In the movie The Lost World, the sequel to Jurassic Park, something called a High Hide is prominently featured. Because I recall the book by Michael Crichton better than the movie, I’ll describe what I remember from it, not the movie … but if you’ve seen the movie, you’ll know what I’m talking about. It’s this tall platform that animal researchers can use to observe dangerous predators, like lions, in their natural habitats without danger to themselves. They were not designed for dinosaur observation and thus we have forward momentum of the plot.
But at any rate, the term has been on my mind for the last several weeks, as Tras completes his array of high hides in the garage.
Not that we have any predators to observe. We just have a garage with a high ceiling, a vast open space that screams “potential storage area” to my handyman (and pack-rat) husband.
Ok that, wasn’t exactly fair. Yes, he is a pack-rat, but he’s not the only one. When you combine households, as we did six years ago, you get a lot of duplication (and triplication: at one point we had three sets of washers and dryers). That duplication also comes in the form of stuff — he and I both had boxes and boxes of college textbooks, files, and the various flotsam and jetsam of life we couldn’t part with, not to mention all the paraphernalia, equipment, toys and clutter associated with the children I had then so far produced.
So this was his solution: affix to the high ceiling, and walls, various shelving units which could store all the things that probably would be best off out of the attic (fragile, melty stuff among them) and leave up in the attic what could be stored there (bunk beds, other furniture, suitcases).
It’s an exciting project for me because, in order to affix these various high hides to the garage ceiling, they had to be bolted to the floor above … a space otherwise known as the attic. And to accomplish the delicate task of finding the right stud to mount [stop: this is a G-rated blog] the bracket to, the attic had to be cleared of most of the things previously stored therein.
So we’ve had some boxes sitting around for a while while this project unfolded.
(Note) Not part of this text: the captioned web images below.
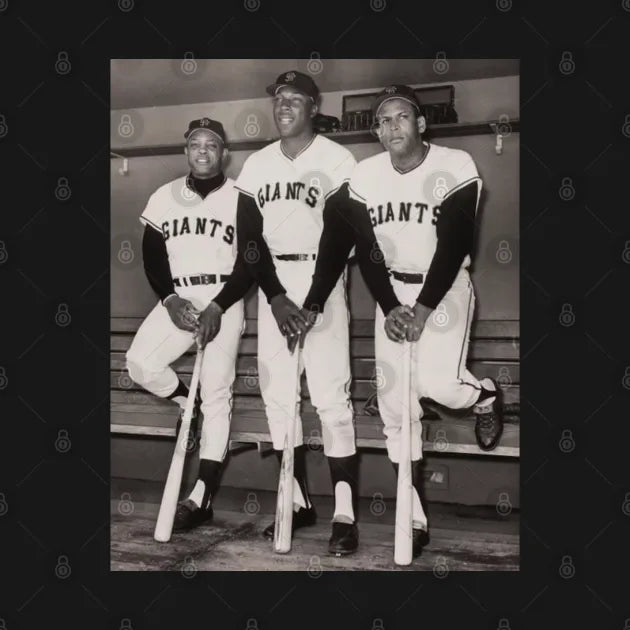 Willie Mays & Willie Mccovey & Orlando Cepeda Hoodie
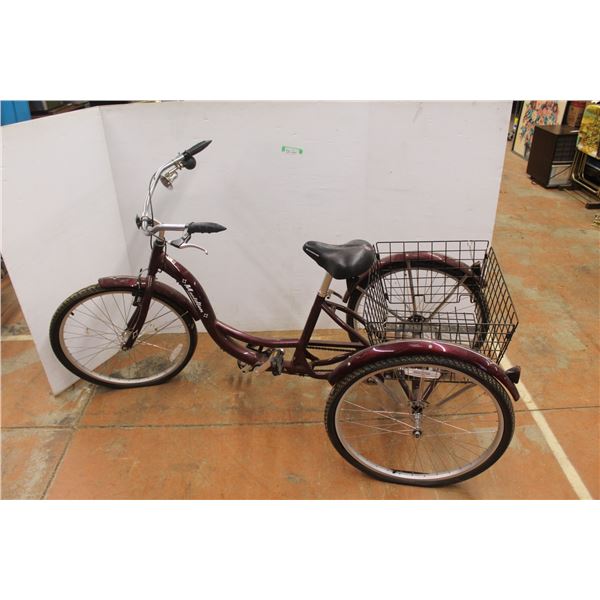 **Schwinn Meridian Adult Tricycle 26 Inch Wheels
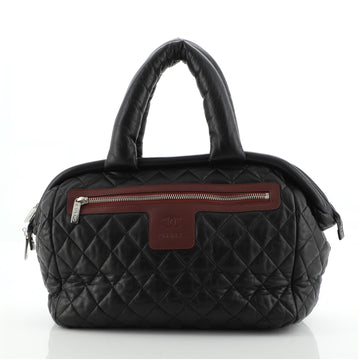 Chanel Coco Cocoon Bowling Bag Quilted Lambskin Medium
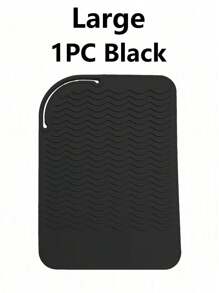 1/2pcs Hot Styling Tool Mat, Universal Size Hair Straightener And Curling Iron Heat-Resistant Mat For Storage And Travel, Hot Styling Tool Mat, Heat Resistant Silicone Hair Styling Mat Storage Heat Insulation Pad For Hair Straighteners, Flat Irons, And Curling Irons, Protect Your Hair Styling Tools With This Non-Slip Silicone Heat Insulation Pad For Restaurant Hotel Commercial - Grey - View 23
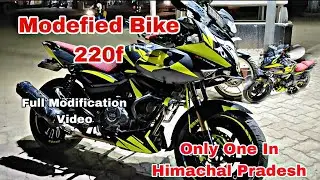 Full Modified Bike 220f //Bike Modefied Video// Pulsar220f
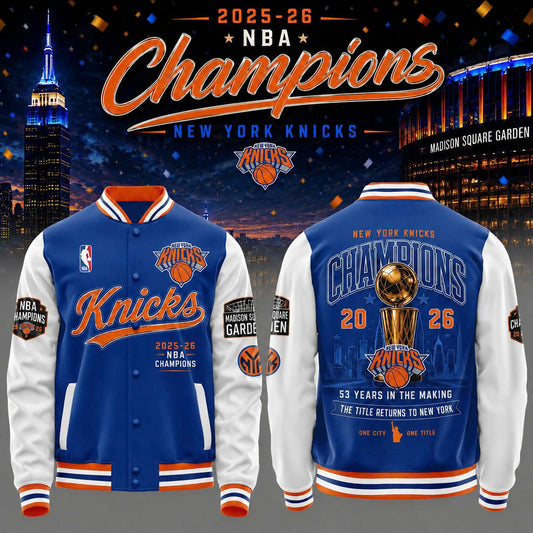 NYK x NBA Finals Champions Luxury V2 Varsity Jacket 150626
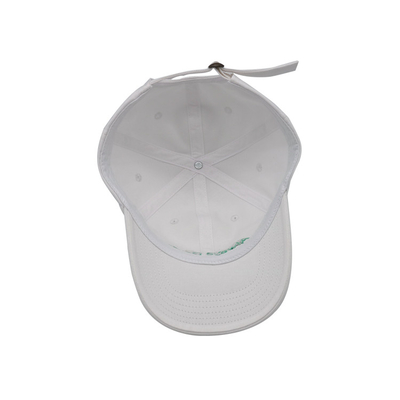 Έμβιτρισμένο λογότυπο 6 Πίνακας Baseball Cap με ρυθμιζόμενο ιμάντα και βαμβακερό ύφασμα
And soon, they will go back into storage. But in the meantime let us celebrate: Tras was justifiably proud of his handiwork, once finished, and couldn’t resist demonstrating its cargo-lifting capabilities with young Trasimond, who enjoyed his trip into the high hide thoroughly. So much so that he couldn’t resist a goofy expression or two.
So now, should any prehistoric creatures threaten, we know we’ve got built-in safety measures already in place. I guess all that storage it can provide was just incidental.